David Bernstein, the man chosen to be the new Football Association chairman, insists there is "a national desire" for the next England manager to be English.
The job of selecting Fabio Capello's successor – the Italian has stated he will move on after the Euro 2012 finals in 18 months – will be top of the list of Bernstein's tasks.
The 67-year-old former Manchester City chairman, currently chairman of Wembley and director of a number of large clothing retailers, was the surprise nomination by the FA board yesterday.
Former Arsenal vice-chairman David Dein had been viewed as the front-runner but the nominations committee headed by Bolton chairman Phil Gartside chose Bernstein, with the main difference being his company boardroom experience.
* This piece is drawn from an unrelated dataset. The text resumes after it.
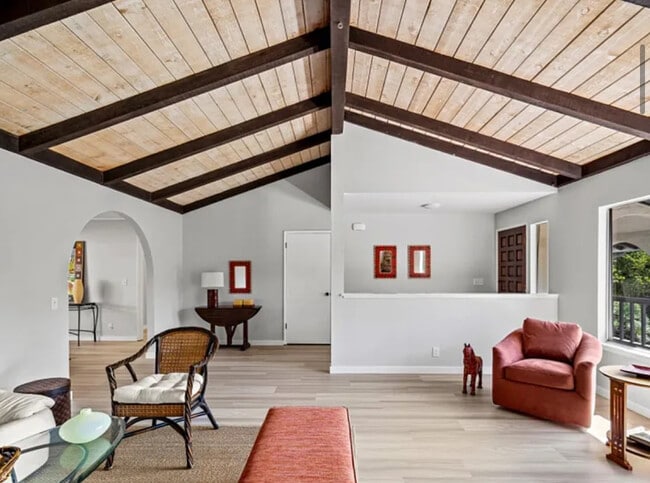 Building Photo - Available for rent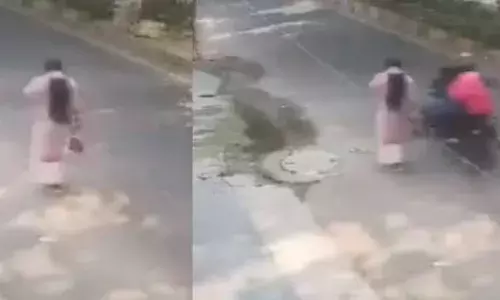 പഴ്സ് തട്ടിപ്പറിക്കാൻ ശ്രമിക്കുന്നതിനിടെ യുവതിയെയും വലിച്ചിഴച്ചുകൊണ്ട് ബൈക്ക് നീങ്ങി; കരഞ്ഞ് നിലവിളിച്ചിട്ടും പിടിവിട്ടില്ല; പരിക്ക്; ഞെട്ടിപ്പിക്കുന്ന ദൃശ്യങ്ങൾ പുറത്ത്; പോലീസ് അന്വേഷണം തുടങ്ങി; സംഭവം ഉത്തർപ്രദേശിൽ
Bernstein's appointment is expected to be confirmed by the FA council on January 25, after which he will turn his attention to a number of burning issues including Capello's successor.
Bernstein said: "I would prefer to see the best manager possible managing the England team.
"If he was English that would be preferable for obvious reasons and I think there is a national desire for that.
"I want to see a winning England team in due course – my job will be a lot easier if the England team is winning matches so anything that works toward that I am all in favour of."
He added: "I believe that the chairman of the FA needs to be involved in major decisions concerning the England set-up."
Harry Redknapp is the bookies' favourite to succeed Capello, while Stuart Pearce, Martin O'Neill and Sam Allardyce are also considered contenders.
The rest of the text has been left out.